How Performant Is Stackframe

How performant is StackFrame?

edit: Some background


We have a similar feature which is disabled 99% of the time; we were using an approach like:

public void DoSomething()
{
TraceCall(MethodBase.GetCurrentMethod().Name);
// Do Something
}

public void TraceCall(string methodName)
{
if (!loggingEnabled) { return; }
// Log...
}

TraceCall(MethodBase.GetCurrentMethod().Name)

It was simple, but regardless of whether or not tracing was enabled we were incurring the performance hit of using Reflection to lookup the method name.

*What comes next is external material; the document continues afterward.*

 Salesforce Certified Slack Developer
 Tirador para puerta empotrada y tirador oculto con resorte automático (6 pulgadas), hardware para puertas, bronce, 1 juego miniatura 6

Our options were to either require more code in every method (and risk simple mistakes or refusal) or to switch to using StackFrame to determine the calling method only when logging was enabled.

Option A:

public void DoSomething()
{
if (loggingEnabled)
{
TraceCall(MethodBase.GetCurrentMethod().Name);
}
// Do Something
}

public void TraceCall(string methodName)
{
if (!loggingEnabled) { return; }
// Log...
}

Option B:

public void DoSomething()
{
TraceCall();
// Do Something
}

public void TraceCall()
{
if (!loggingEnabled) { return; }
StackFrame stackFrame = new StackFrame(1);
// Log...
}

We opted for Option B. It offers significant performance improvements over Option A when logging is disabled, 99% of the time and is very simple to implement.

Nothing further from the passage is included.